Quei ricordi sono impressi nella sua memoria come se fosse ieri. 

«Improvvisamente erano diventati tutti malvagi», ricorda Godeliève Mukasarasi, sopravvissuta per miracolo allo scontro fratricida tra hutu e tutsi e al genocidio che spazzò via dal Ruanda oltre 800mila persone, in maggioranza della seconda etnia. Lei ha perso gran parte della famiglia, specialmente da parte del marito, una ventina di persone affogate in un fiume poco distante dalla loro casa. Ma è stata risparmiata, anche se proprio suo marito e la figlia sono stati assassinati due anni dopo, vittime di una spirale di violenze e vendette che non si è fermata dopo quei cento giorni d’inferno. Anche Godeliève, però, che oggi ha 65 anni, da allora non si è più fermata. 

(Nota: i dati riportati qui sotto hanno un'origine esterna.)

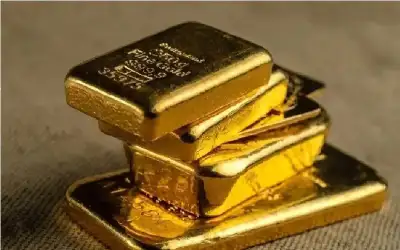 الذهب يرتفع مع هبوط الدولار وعوائد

Una donna battagliera che ha messo in campo energie e competenze, determinazione e una straordinaria capacità di relazione per ricucire i fili di quel tessuto sociale così barbaramente lacerato.

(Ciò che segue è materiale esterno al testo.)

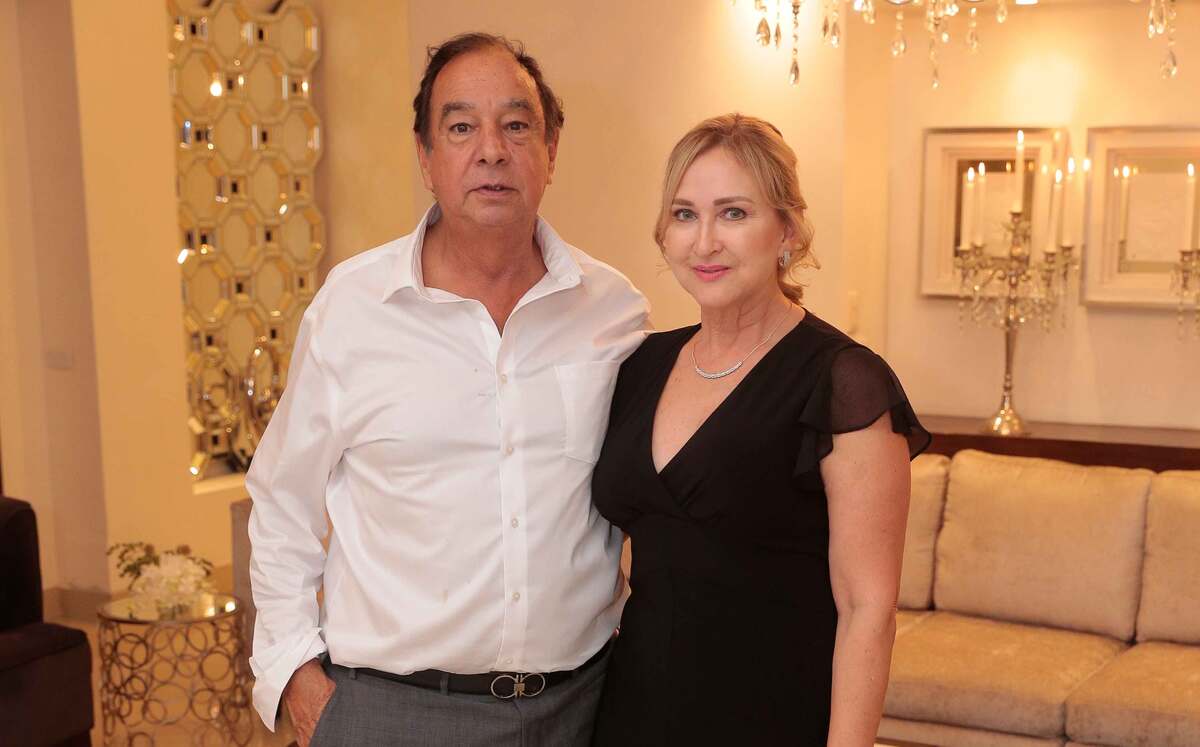 Elías Andonie y Lisa González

Già nel dicembre del 1994 ha fondato l’associazione Solidarietà per la promozione delle vedove e degli orfani in vista dell’impiego e dell’autopromozione (Sevota), che ha assistito e accompagnato più di 70mila persone. Nel 2018 il Dipartimento di Stato americano ha riconosciuto Godeliève Mukasarasi con l’International Women of Courage Award e nel marzo del 2022 è stata inserita tra i “Giusti” della Shoah e degli altri genocidi al Giardino del Monte Stella di Milano dall’Associazione Gariwo, la foresta dei Giusti. E ora lei stessa si sta impegnando in prima persona perché un analogo Giardino venga inaugurato in Ruanda in occasione del trentennale del genocidio.

Una donna che si è rimessa in gioco da subito, pregando ha trovato la forza e il coraggio per rispondere all’odio e alla sete di vendetta con un amore incondizionato.

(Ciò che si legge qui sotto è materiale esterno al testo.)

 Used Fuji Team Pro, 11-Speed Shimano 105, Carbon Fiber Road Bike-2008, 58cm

Pur non avendo risorse, i primi piccoli aiuti sono arrivati dalla sua parrocchia e da un missionario spagnolo, oltre che dal villaggio e da tanta gente semplice che pur avendo meno di nulla, offriva un po’ di cibo, qualche vestito, il ricavato di una colletta.

Godeliève Mukasarasi si occupa di vedove, di vittime di stupro e di orfani perché per lei, che è assistente sociale di formazione e professione è naturale rivolgersi alle persone più vulnerabili.

Grazie alle sue capacità è stato creato uno spazio protetto in cui le donne in difficoltà, gli ultimi in generale, hanno avuto la possibilità di parlare e confrontarsi, ma anche di aiutarsi reciprocamente a rielaborare il trauma e ad andare avanti.

Ci sono gruppi in cui fare formazione, attività di mutuo aiuto, sono nate piccole attività economiche, dall’agricoltura all’artigianato affinché le donne, soprattutto coloro che hanno subito violenza, possano essere autonome e ritrovare a poco a poco la dignità e la fiducia in se stesse, tutto ciò che è stato loro strappato, usurpato nel peggiore dei modi. 

Sin dall’8 marzo 1995 sono stati organizzati eventi e iniziative che mettevano al centro il tema della pace e dei diritti, della dignità di ogni persona e della pacificazione delle comunità. 

E ancora una volta le donne hanno dimostrato di avere una forza grandissima e anche una capacità molto concreta di rimboccarsi le maniche e di guardare avanti per loro e per i loro figli, generando vita in molti modi. Il loro contributo alla pacificazione è stato ed è essenziale per il popolo, che continua a portare addosso ferite che faticano a rimarginarsi, e anche per il Paese affinché tutti possano sentirsi innanzitutto ruandesi e non divisi lungo linee etniche.

Lavorare per la pace e la riconciliazione è stata una scelta personale e collettiva che necessariamente doveva coinvolgere molti soggetti: dalle istituzioni alle chiese, dalla società civile alle autorità tradizionali in quanto l’obiettivo prioritario è che tutti i ruandesi si sentano davvero fratelli e per questo occorre essere capaci di perdonare.

E cosa è il perdono se non avere la capacità di donare di più, vivere nell’amore incondizionato, evitare il male per fare il bene e principalmente imparare a perdonare se stessi per tornare a vivere in pace con gli altri?